Taher Herzallah asks: "What if as Muslims, we wanted to establish an Islamic State? Is that wrong? What if, as Muslims, we wanted to use violent means to resist occupation? Is that wrong?"
"Hate Spaces" attempts to explain how campuses became so hostile to Israel. By manipulating identity politics, SJP created an anti-Israel alliance of hard-left groups. They exploit the academically trendy concept of "intersectionality" - the idea that all injustices are interconnected - to demonize Israel and make common cause with activists from totally unrelated movements, like the campaign to address police violence.
SJP also attracts well-meaning students concerned about equality and social justice by portraying Palestinians as blameless victims of wholly unjustified Israeli attacks. "What drew me to SJP was my motivation to support equal human rights," one student says in the film. "I joined them because I felt that the Palestinian people were being oppressed."
Another student explains how "SJP deliberately works with anti-Zionist Jewish organizations because working with those organizations helps to immunize them ...against charges of bigotry and anti-Semitism. It gives SJP cover."
"Hate Spaces" points out that student demographics have also helped SJP, because tens of thousands of students from Muslim countries that are traditionally hostile to Israel have arrived on U.S. college campuses in recent years.
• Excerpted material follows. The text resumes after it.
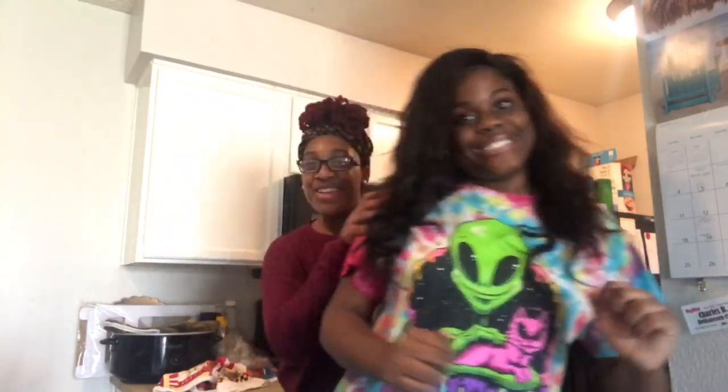My name is Alisha Burney and you're watching Cooking with Burney featuring Leah. We're gonna make it cooking.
As noted by a former-SJP activist interviewed in the documentary, "There's definitely a lot of ethnic solidarity between Muslims and Palestinians because [a] majority of the Palestinians are Muslims, so it's almost like a brotherhood."
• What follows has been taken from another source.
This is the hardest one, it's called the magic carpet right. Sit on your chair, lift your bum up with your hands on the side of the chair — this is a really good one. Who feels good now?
Goldwasser describes the intended audience for "Hate Spaces" as "decent Americans, especially, those in leadership positions." He believes that "once they are educated about this outrage on campus, there is a chance that changes will be made. All we ask is that Jewish students be treated equally, receive the same protection as any other minority on campus."
The film notes that professors and administrators have only exacerbated the campus movement promoting BDS, through their indifference or open complicity with the movement's campus leaders and tactics: "Many university officials are uncomfortable dealing with hatred that comes from a non-Western minority, preferring to selectively invoke the concepts of academic freedom and free speech instead of fulfilling their responsibility to Jewish students."